Bian Jiahao, Tan Pan, Nie Ting, Hong Liang, Yang Guang-Yu
State Key Laboratory of Microbial Metabolism, Joint International Research Laboratory of Metabolic & Developmental Sciences, School of Life Sciences and Biotechnology Shanghai Jiao Tong University Shanghai China.
Institute of Key Biological Raw Material Shanghai Academy of Experimental Medicine Shanghai China.
mLife. 2024 Dec 26;3(4):492-504. doi: 10.1002/mlf2.12151. eCollection 2024 Dec.
Optimizing enzyme thermostability is essential for advancements in protein science and industrial applications. Currently, (semi-)rational design and random mutagenesis methods can accurately identify single-point mutations that enhance enzyme thermostability. However, complex epistatic interactions often arise when multiple mutation sites are combined, leading to the complete inactivation of combinatorial mutants. As a result, constructing an optimized enzyme often requires repeated rounds of design to incrementally incorporate single mutation sites, which is highly time-consuming. In this study, we developed an AI-aided strategy for enzyme thermostability engineering that efficiently facilitates the recombination of beneficial single-point mutations. We utilized thermostability data from creatinase, including 18 single-point mutants, 22 double-point mutants, 21 triple-point mutants, and 12 quadruple-point mutants. Using these data as inputs, we used a temperature-guided protein language model, Pro-PRIME, to learn epistatic features and design combinatorial mutants. After two rounds of design, we obtained 50 combinatorial mutants with superior thermostability, achieving a success rate of 100%. The best mutant, 13M4, contained 13 mutation sites and maintained nearly full catalytic activity compared to the wild-type. It showed a 10.19°C increase in the melting temperature and an ~655-fold increase in the half-life at 58°C. Additionally, the model successfully captured epistasis in high-order combinatorial mutants, including sign epistasis (K351E) and synergistic epistasis (D17V/I149V). We elucidated the mechanism of long-range epistasis in detail using a dynamics cross-correlation matrix method. Our work provides an efficient framework for designing enzyme thermostability and studying high-order epistatic effects in protein-directed evolution.

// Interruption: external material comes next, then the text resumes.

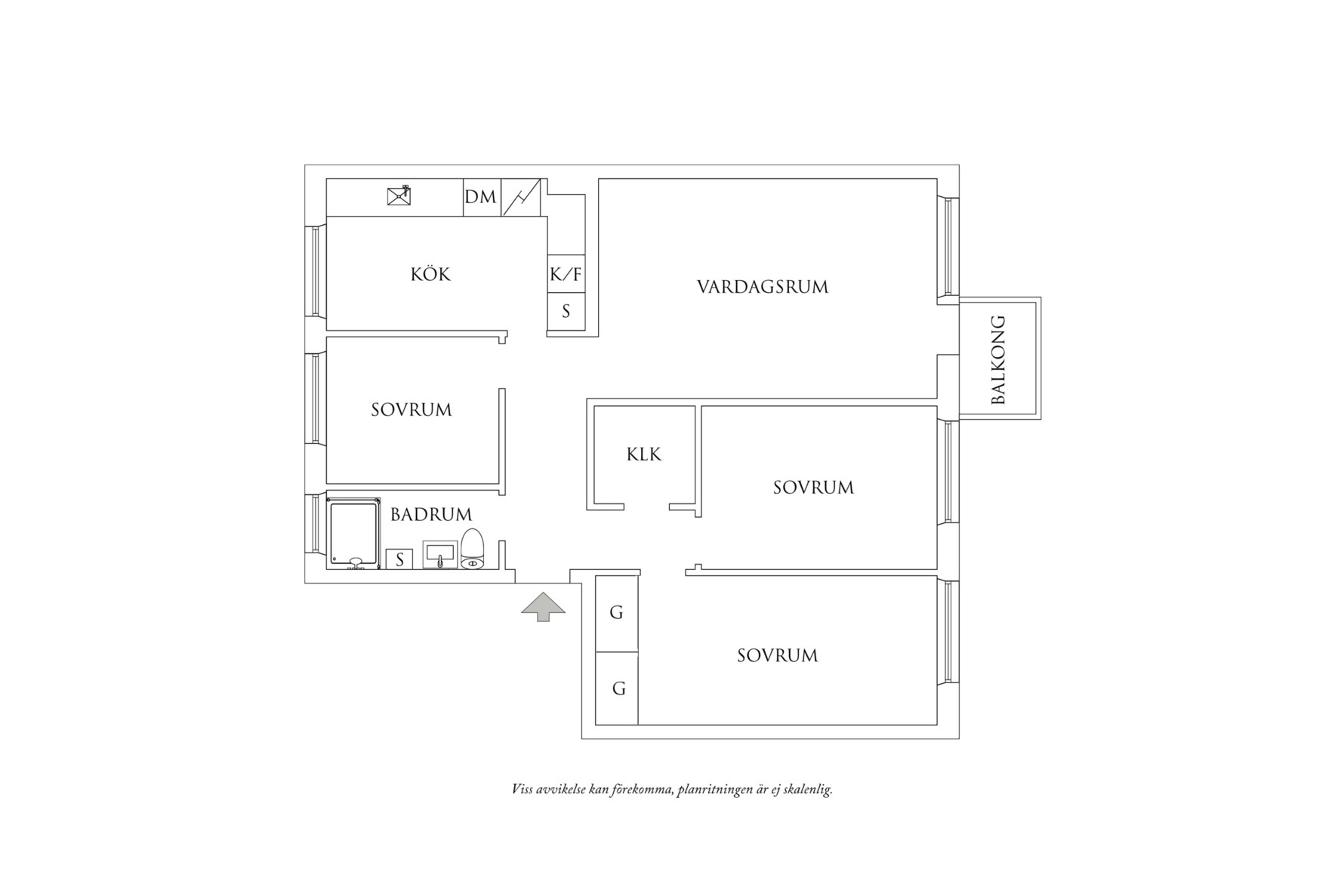 Planritning 1 Lenvädersgatan 19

优化酶的热稳定性对于蛋白质科学和工业应用的进步至关重要。目前,(半)理性设计和随机诱变方法可以准确识别增强酶热稳定性的单点突变。然而,当多个突变位点组合时,常常会出现复杂的上位性相互作用,导致组合突变体完全失活。因此,构建优化的酶通常需要反复进行多轮设计,逐步纳入单点突变位点,这非常耗时。在本研究中,我们开发了一种人工智能辅助的酶热稳定性工程策略,该策略有效地促进了有益单点突变的重组。我们利用了肌酸酶的热稳定性数据,包括18个单点突变体、22个双点突变体、21个三点突变体和12个四点突变体。以这些数据为输入,我们使用了一个温度引导的蛋白质语言模型Pro-PRIME来学习上位性特征并设计组合突变体。经过两轮设计,我们获得了50个具有优异热稳定性的组合突变体,成功率达到100%。最佳突变体13M4包含13个突变位点,与野生型相比保持了几乎完全的催化活性。它的解链温度提高了10.19°C,在58°C下的半衰期增加了约655倍。此外,该模型成功捕捉到了高阶组合突变体中的上位性,包括符号上位性(K351E)和协同上位性(D17V/I149V)。我们使用动力学交叉相关矩阵方法详细阐明了远程上位性的机制。我们的工作为设计酶的热稳定性和研究蛋白质定向进化中的高阶上位性效应提供了一个有效的框架。